Salvador Dali et Coco Chanel étaient fiers de le connaître. Il était le symbole du ballet russe et un représentant éminent de l'émigration russe, dont on se souvient encore aujourd'hui. Il s'appelait Sergueï Lifar.
Sergueï Mikhaïlovitch Lifar est né en 1905 à Kiev. Dans sa famille, il y avait des cosaques, des Ukrainiens et des Polonais, ce qui lui a valu un nom de famille inhabituel, dérivant du mot « lichar », qui en russe signifie « usurier ».
Dès son enfance, Sergueï montrait un intérêt pour le ballet, et à 16 ans, il fut remarqué par la célèbre ballerine russe Bronislava Fominine Nijinska, qui l'invita dans son école de ballet. En 1921, Nijinska décida de déménager à Paris, et en 1923, à son invitation, le jeune Sergueï de 18 ans s'y rendit.

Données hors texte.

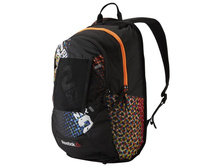 Reebok-riukzak-aj6664 2984 ���.jpg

À Paris, Sergueï étudia auprès des maîtres russes de premier plan et collabora avec l'Italien Enrique Chacketti. Les premiers temps furent difficiles, mais il continua à travailler dur et justifia les espoirs de Diaghilev. Sergueï devint le dernier soliste principal des « Ballets russes », et après la mort de Diaghilev, il rejoignit l'Opéra national de Paris, où il travailla comme danseur, puis comme chorégraphe jusqu'en 1958. En 1947, il fonda l'Institut de chorégraphie, enseigna et fut recteur dans plusieurs universités françaises, ainsi que président d'honneur du Conseil national de la danse auprès de l'UNESCO.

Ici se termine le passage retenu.